Mais deux de ses partisans, les ex-députés Catherine Morissette et François Benjamin (coprésident de sa campagne), ont décidé de claquer la porte du parti dès l'annonce de la victoire de M. Taillon. «Je ne me reconnais pas en ce gars-là», a tranché M. Benjamin, qui songe à retourner au Parti québécois.

«J'espère bien que les quelques départs soient compensés par beaucoup d'arrivées», a réagi Gilles Taillon, insistant sur la décision de MM. Caire et Lévesque de se rallier.

Éric Caire n'entend pas contester les résultats, «à moins qu'on se rende compte d'une fraude orchestrée et majeure». Or, des incidents sont survenus lors du scrutin téléphonique. M. Caire a reconnu lui-même que l'un de ses bénévoles a obtenu les NIP de deux membres. Le bénévole les a utilisés pour voter en faveur de M. Caire à deux reprises alors que ce n'était pas le premier choix des militants concernés.

L'Infoman Jean-René Dufort, qui était présent au congrès à la direction, a tenté de déjouer le scrutin téléphonique de l'ADQ mais il a refusé de dire si l'opération a été un succès. Lors de la course à la direction du PQ, en 2005, il avait inscrit un chihuahua, une plante verte et une fillette de 3 ans comme membres du parti et avait fait enregistrer leur vote.

Deuxième tour déterminant

Seulement 3912 militants - sur environ 13 600 - ont exercé leur droit de vote et exprimé au téléphone un premier, puis un second choix. À l'issue du premier tour, Éric Caire (41,69% ; 1631 votes) devançait Gilles Taillon (40,16 % ; 1571 votes) et Christian Lévesque (18,15% ; 710 votes). Comme aucun candidat n'a obtenu une majorité absolue, M. Lévesque a été écarté, et les deuxièmes choix de ses 710 partisans ont été utilisés pour déclarer un vainqueur. C'est alors que le vent a tourné en faveur de M. Taillon (1957 votes contre 1955 pour M. Caire au deuxième tour).

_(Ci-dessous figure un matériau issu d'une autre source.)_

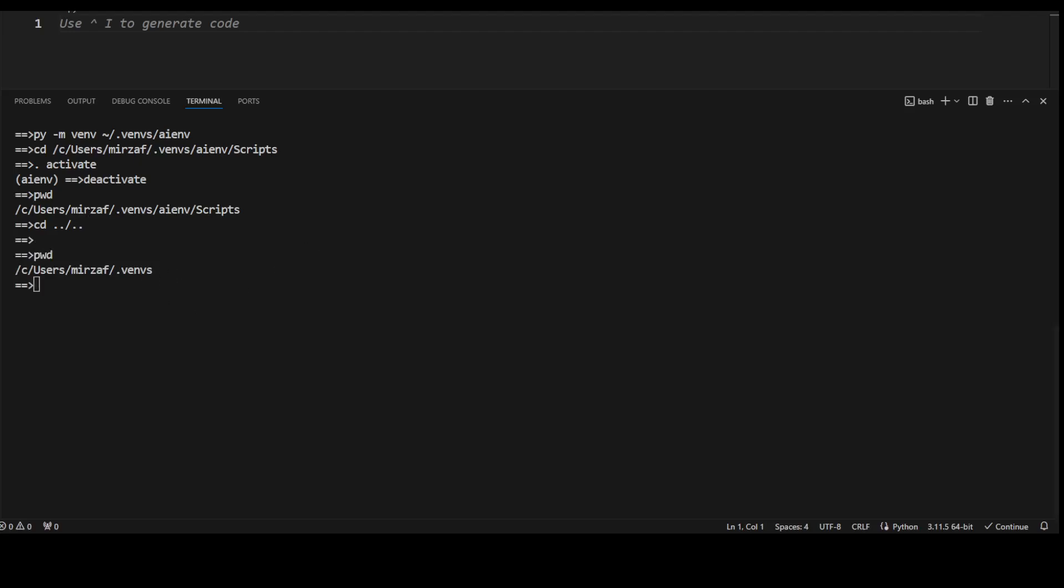And in order to remove a virtual environment, all you need to do is run this command rm-rf. And we are just deleting the whole directory. That's it. So this is how you can manage your virtual environment in a Windows environment. You can deactivate it, you can activate it, and then you can simply delete.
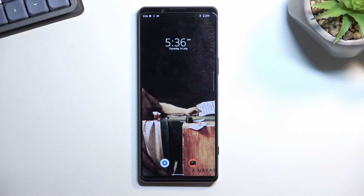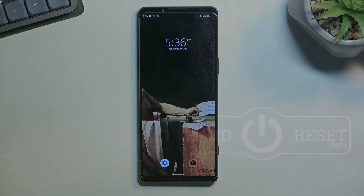So that is how we can capture a screenshot on this device. If you found this helpful, don't forget to hit like, subscribe, and thanks for watching.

Gilles Taillon a défendu la légitimité de son leadership lors d'un point de presse. Élu avec une majorité aussi mince, il dit avoir «l'obligation de travailler en équipe». L'ex-député de Chauveau entend exercer un «leadership de collaboration». Il rencontrera le caucus des députés adéquistes demain et nommera un chef parlementaire la semaine prochaine. Il pourrait désigner le coprésident de sa campagne, le député de Shefford, François Bonnardel.

Traitements de radiothérapie

Gilles Taillon patientera avant de faire son entrée à l'Assemblée nationale. L'homme de 64 ans doit subir des traitements de radiothérapie jusqu'en décembre en raison d'une récidive d'un cancer de la prostate. Il entend ensuite consacrer ses efforts à «reconstruire» le parti pendant «un an, un an et demi». Puis, si une circonscription se libère dans sa région, l'Outaouais, ou à proximité, il briguera les suffrages lors d'une élection partielle. Il a déterminé qu'Argenteuil était un «bon comté» pour lui. Au moment de démissionner de son poste de ministre, le libéral David Whissel avait dit rester député d'Argenteuil «pour le moment».

Bien des militants adéquistes étaient déçus du faible taux de participation au scrutin téléphonique et tiennent la querelle entre MM. Caire et Taillon responsable de cette démobilisation. Une participation de 3900 militants, «c'est beaucoup mieux qu'un congrès à la direction où 500 ou 800 délégués votent pour un chef», a réagi M. Taillon.